De la condición existencial

Si admirado por el hecho de existir, reflexiona sobre el sentido de su vida, se pregunta por el por qué, el para qué, el dónde y el hacia dónde de su peregrinar, sobre lo que puede o no hacer, y al contemplar el cielo guarda silencio al imaginar el origen de la inmensidad, el poder y belleza del universo; si asteado de la rutina, la falsedad y la inercia, sueña con innovar y evolucionar, con crear nuevas y mejores realidades, usted ejerce de filósofo, no importa si sus cavilaciones acontecen en compañía o en soledad, en tabernas, estadios, hogares, centros de trabajo, en los palacios de los ricos, en las casas de los pobres, mediante las palabras de los ilustrados o a través del lenguaje directo y sencillo de los no ilustrados.

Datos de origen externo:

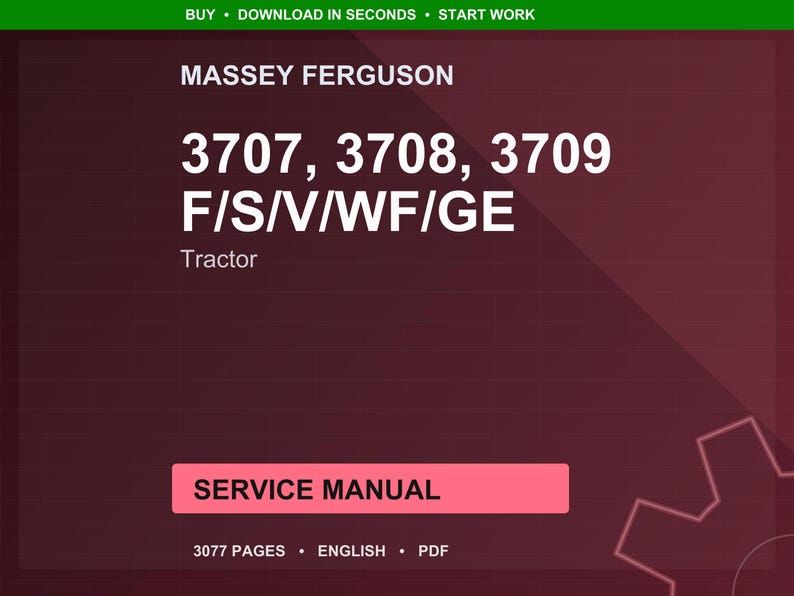 Massey ferguson 3707 3708 3709 F s v wf ge Tractor Service Manual PDF | Workshop Repair | Instant Download image 1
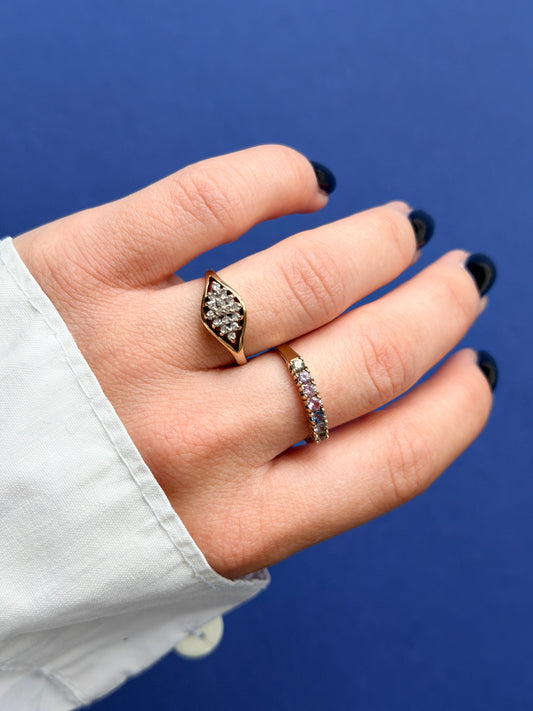 9ct diamond cluster ring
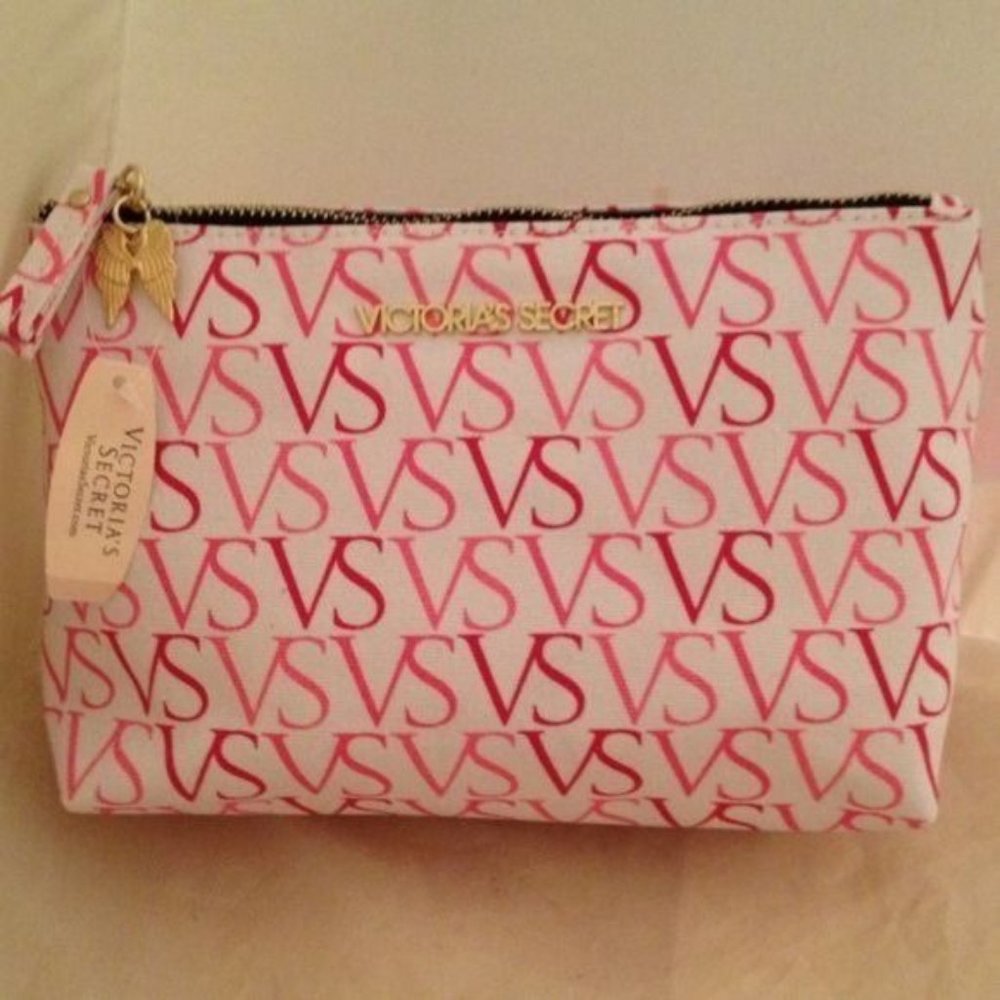 Victoria's Secret Signature VS Logo pink cosmetic bag gold wings NWT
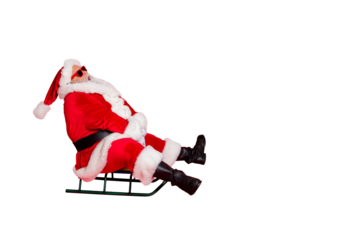 Full length body size view of nice attractive fat bearded man riding traveling on sledge tour trip tourism wintertime vacation having fun isolated on bright vivid shine red background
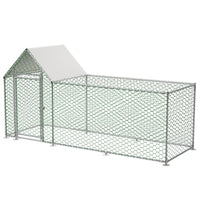 HKM-153747 Durable Metal Chicken Coop with Removable Cover - Walk-in Poultry Run for Chickens, Ducks, and Rabbits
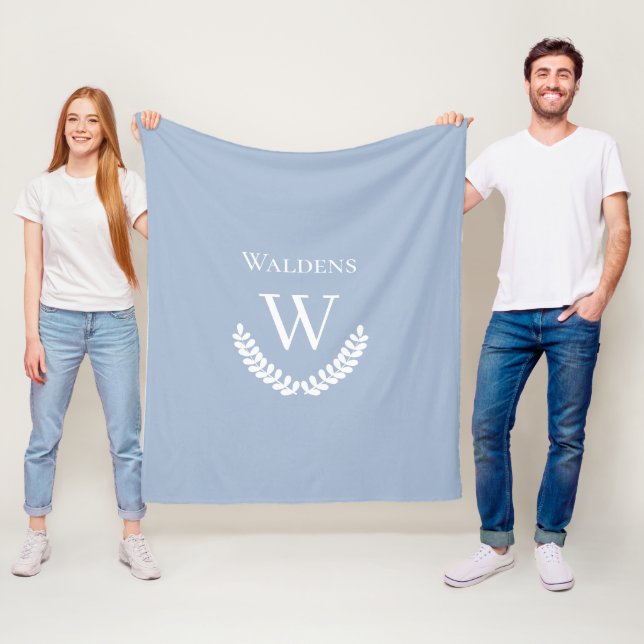 Minimal ljusstål Blanket i Blue Monogram Fleece Bl (På plats)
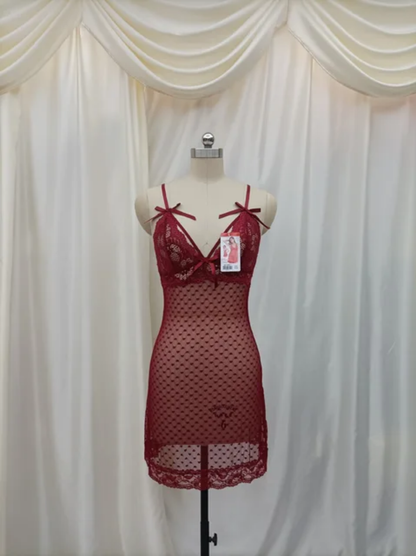 Midnight Romance Sheer Lace Babydoll Chemise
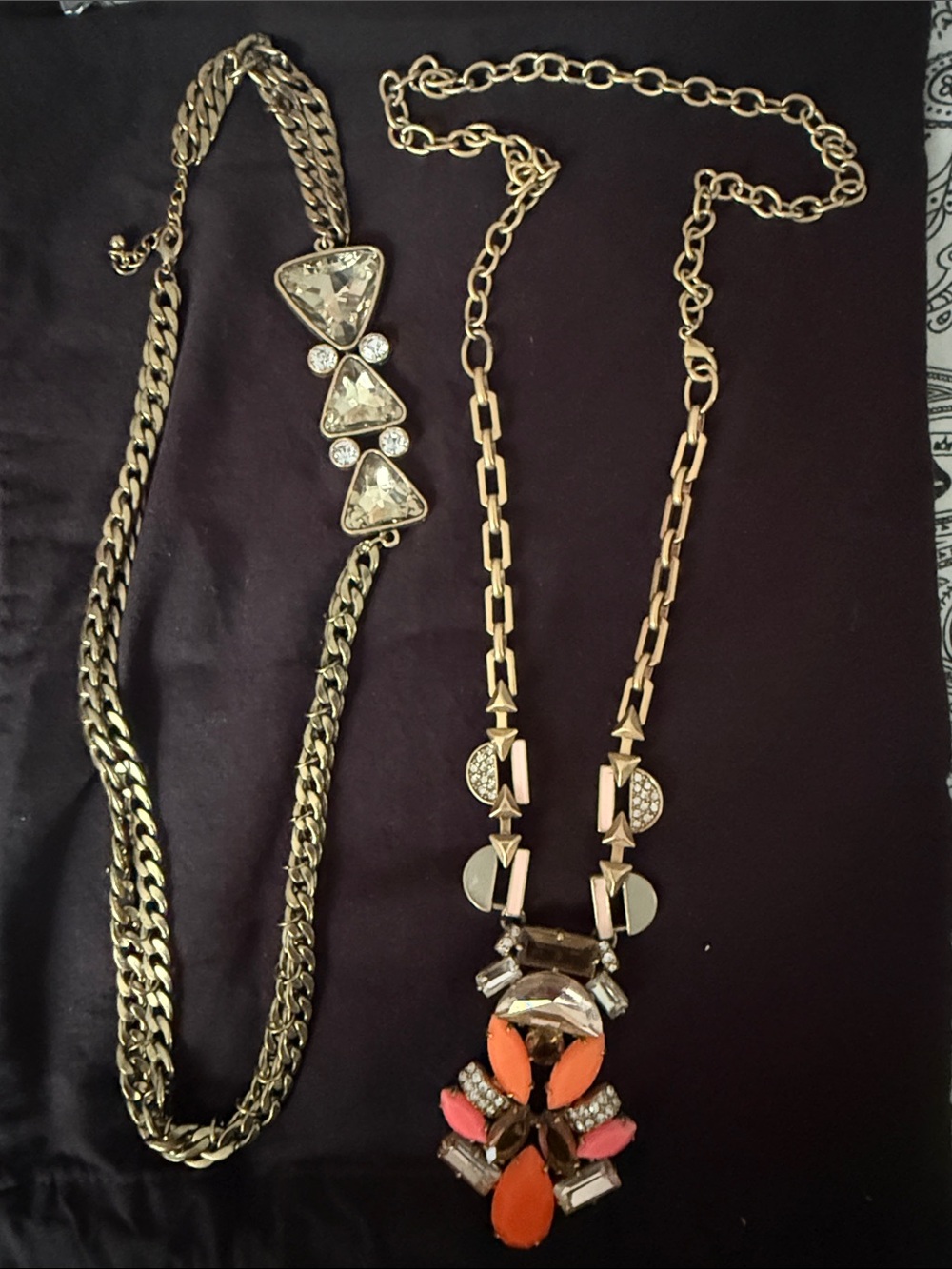 Set of 2: Gold-Tone Statement Necklace and double chain gold necklace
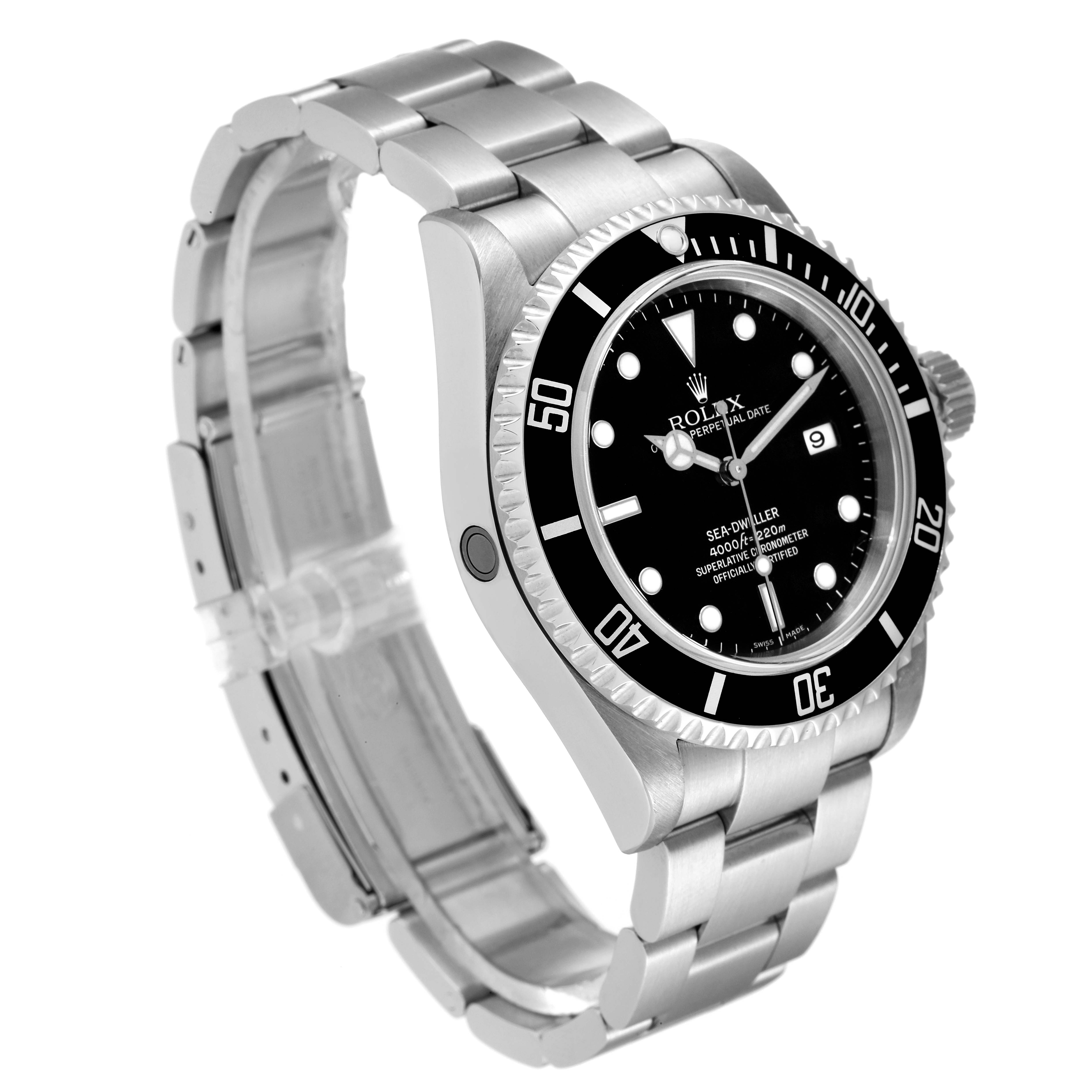 The image shows a Rolex Sea-Dweller 16600 Men
s Stainless Steel Black Dial 16600 Men
s Stainless Steel Black Dial watch at a three-quarter angle, highlighting its face, bezel, and metal bracelet.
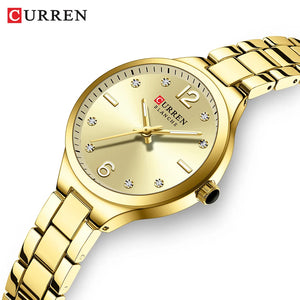 CURREN Luxury Brand Watches for Women Simple Dress Quartz Stainless Steel Wristwatch with Luminous Hands Ladies Clock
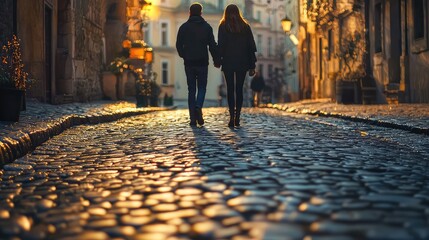 Couple walking hand-in-hand on a cobblestone street at sunset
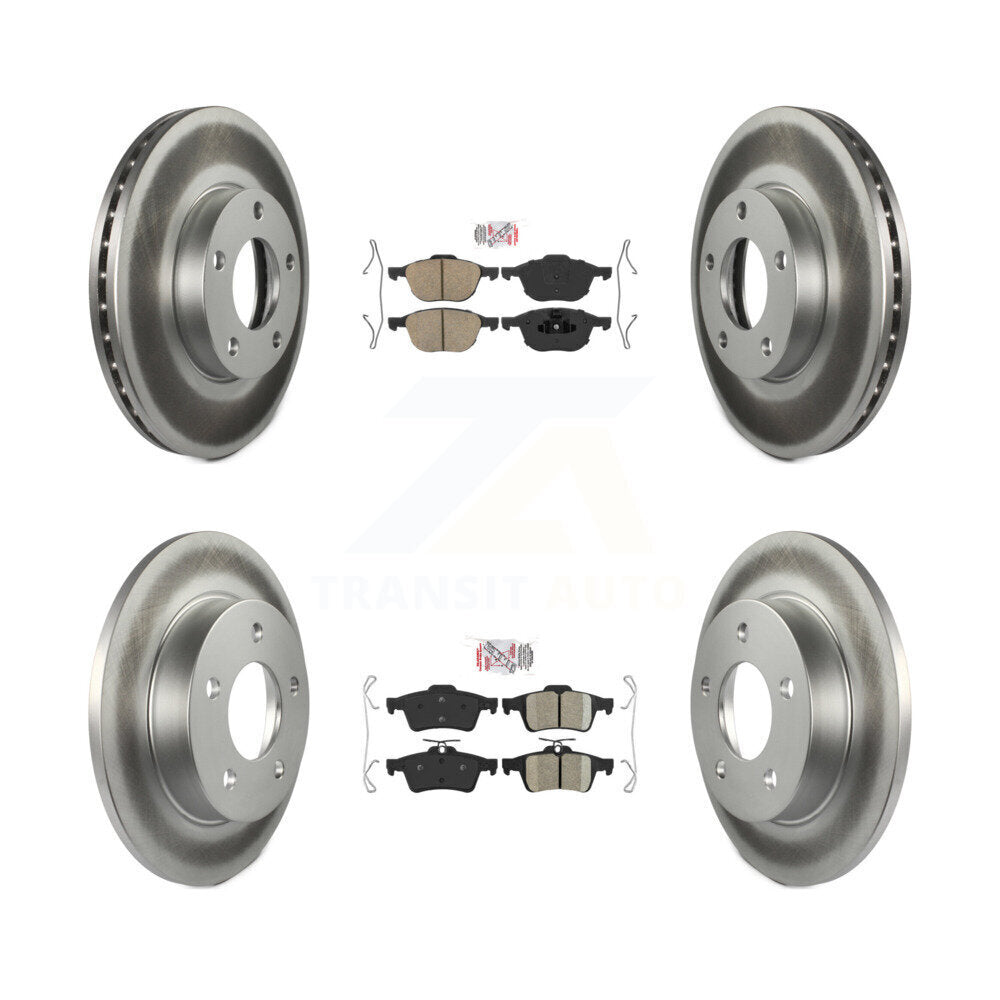 Front Rear Ceramic Pads And Coated Disc Brake Rotors Kit For Mazda 3 Sport KGA-102434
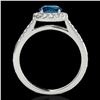 Image 2 : 1.5 ctw SI Certified Fancy Blue Diamond Solitaire Halo Ring 10k White Gold - REF-150A2N
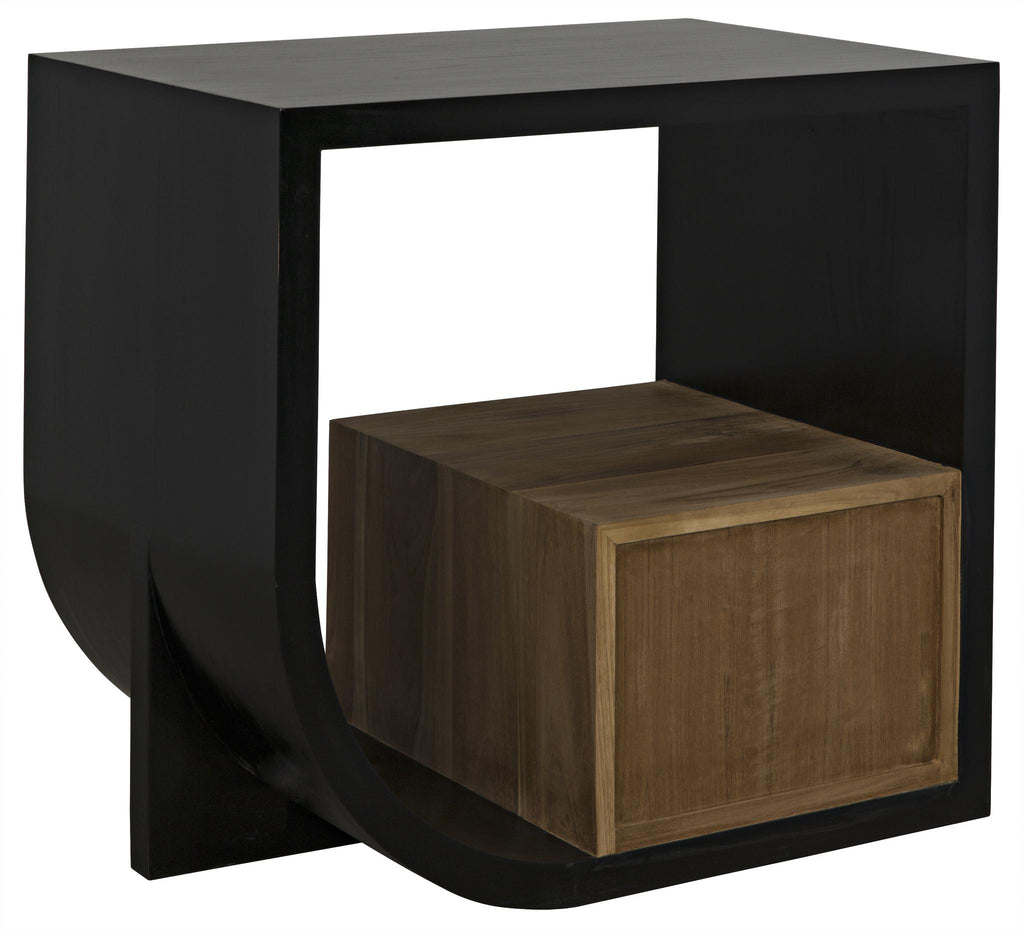 NOIR Burton Side Table Right Hand Rubbed Black and Teak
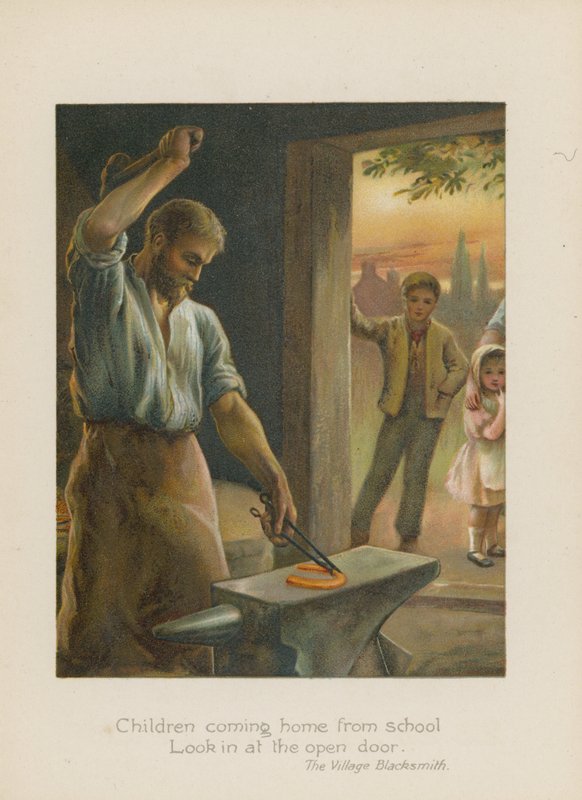 Børn, der kommer hjem fra skole, kigger ind ad den åbne dør (chromolitho) af Henry Marriott Paget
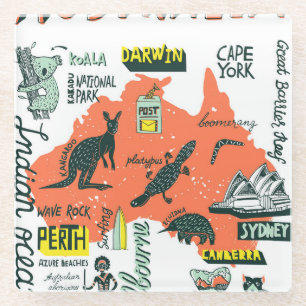 Hand-drawn Australian attractions, typography post Glass Coaster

Puede afirmarse, entonces, que el ser humano es un animal filósofo, que filosofa y hace ciencia porque busca sin descanso, insatisfecho del presente, deseoso de algo más, nostálgico del placer y la felicidad, y por eso cambia, transforma, evoluciona, cuestiona, trasciende, se rebela, y su rebelión es su libertad; él es el que va de paso y sabe que su vida es pasar, «pasar haciendo caminos, / caminos sobre la mar», cantan poetas y sabios.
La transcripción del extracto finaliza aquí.